**Work item**: Your task is to reproduce exactly the lines from the line with "Live Casino and" through the end of the records below.
▬▬▬
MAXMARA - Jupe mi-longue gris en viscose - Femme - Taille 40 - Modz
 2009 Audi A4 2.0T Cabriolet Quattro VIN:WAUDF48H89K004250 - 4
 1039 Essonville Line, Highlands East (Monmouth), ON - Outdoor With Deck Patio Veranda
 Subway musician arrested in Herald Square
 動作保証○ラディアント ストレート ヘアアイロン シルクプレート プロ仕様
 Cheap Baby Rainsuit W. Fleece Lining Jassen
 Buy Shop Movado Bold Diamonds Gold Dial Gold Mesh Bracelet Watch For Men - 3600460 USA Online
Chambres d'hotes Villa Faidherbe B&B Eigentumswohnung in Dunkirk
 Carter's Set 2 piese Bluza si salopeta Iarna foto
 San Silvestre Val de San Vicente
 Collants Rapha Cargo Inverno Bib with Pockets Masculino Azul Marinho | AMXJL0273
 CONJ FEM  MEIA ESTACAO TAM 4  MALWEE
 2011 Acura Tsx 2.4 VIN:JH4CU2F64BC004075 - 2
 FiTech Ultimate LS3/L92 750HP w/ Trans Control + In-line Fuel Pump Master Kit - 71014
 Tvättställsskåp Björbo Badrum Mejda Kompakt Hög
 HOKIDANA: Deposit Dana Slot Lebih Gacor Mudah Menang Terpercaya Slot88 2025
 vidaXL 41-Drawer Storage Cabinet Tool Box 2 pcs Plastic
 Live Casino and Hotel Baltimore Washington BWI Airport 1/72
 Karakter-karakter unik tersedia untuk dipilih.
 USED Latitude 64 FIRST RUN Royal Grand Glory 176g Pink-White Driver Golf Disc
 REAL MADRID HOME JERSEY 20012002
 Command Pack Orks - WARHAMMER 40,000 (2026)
▬▬▬
**Answer box**:
 Live Casino and Hotel Baltimore Washington BWI Airport 1/72
 Karakter-karakter unik tersedia untuk dipilih.
 USED Latitude 64 FIRST RUN Royal Grand Glory 176g Pink-White Driver Golf Disc
 REAL MADRID HOME JERSEY 20012002
 Command Pack Orks - WARHAMMER 40,000 (2026)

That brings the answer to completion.